=== Section Start ===

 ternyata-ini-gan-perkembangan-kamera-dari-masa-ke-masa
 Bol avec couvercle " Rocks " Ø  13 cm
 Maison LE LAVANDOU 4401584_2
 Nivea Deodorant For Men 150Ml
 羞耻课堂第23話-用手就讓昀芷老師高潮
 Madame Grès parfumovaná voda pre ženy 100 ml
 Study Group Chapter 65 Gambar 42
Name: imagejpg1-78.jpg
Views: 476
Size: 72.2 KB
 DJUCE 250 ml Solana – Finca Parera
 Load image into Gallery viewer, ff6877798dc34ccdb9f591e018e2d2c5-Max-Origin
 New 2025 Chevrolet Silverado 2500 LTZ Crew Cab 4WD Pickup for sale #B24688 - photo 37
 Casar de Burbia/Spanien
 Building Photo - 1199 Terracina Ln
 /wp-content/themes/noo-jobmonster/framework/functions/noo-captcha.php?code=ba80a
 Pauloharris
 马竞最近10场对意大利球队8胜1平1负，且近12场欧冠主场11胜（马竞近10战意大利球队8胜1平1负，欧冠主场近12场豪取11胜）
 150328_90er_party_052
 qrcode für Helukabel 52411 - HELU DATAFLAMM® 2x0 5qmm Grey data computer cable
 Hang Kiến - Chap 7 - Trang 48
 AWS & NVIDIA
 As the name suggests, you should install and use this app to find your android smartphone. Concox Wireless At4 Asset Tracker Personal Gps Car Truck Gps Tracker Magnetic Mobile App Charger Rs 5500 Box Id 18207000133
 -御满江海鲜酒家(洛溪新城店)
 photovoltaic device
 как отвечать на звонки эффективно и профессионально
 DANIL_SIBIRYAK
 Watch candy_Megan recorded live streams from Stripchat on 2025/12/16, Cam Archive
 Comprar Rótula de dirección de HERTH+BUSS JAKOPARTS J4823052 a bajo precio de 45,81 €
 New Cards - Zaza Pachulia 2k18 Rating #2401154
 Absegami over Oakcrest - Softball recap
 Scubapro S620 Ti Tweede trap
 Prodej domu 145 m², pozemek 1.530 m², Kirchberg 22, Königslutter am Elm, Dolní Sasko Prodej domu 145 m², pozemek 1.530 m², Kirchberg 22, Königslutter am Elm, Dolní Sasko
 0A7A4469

=== Section End ===

**Exercise aim:**
Looking at the data above, return every line from the one with "Size: 72.2 KB" down to the one with "Pauloharris", exactly and inclusively.

**Reply:**
Size: 72.2 KB
 DJUCE 250 ml Solana – Finca Parera
 Load image into Gallery viewer, ff6877798dc34ccdb9f591e018e2d2c5-Max-Origin
 New 2025 Chevrolet Silverado 2500 LTZ Crew Cab 4WD Pickup for sale #B24688 - photo 37
 Casar de Burbia/Spanien
 Building Photo - 1199 Terracina Ln
 /wp-content/themes/noo-jobmonster/framework/functions/noo-captcha.php?code=ba80a
 Pauloharris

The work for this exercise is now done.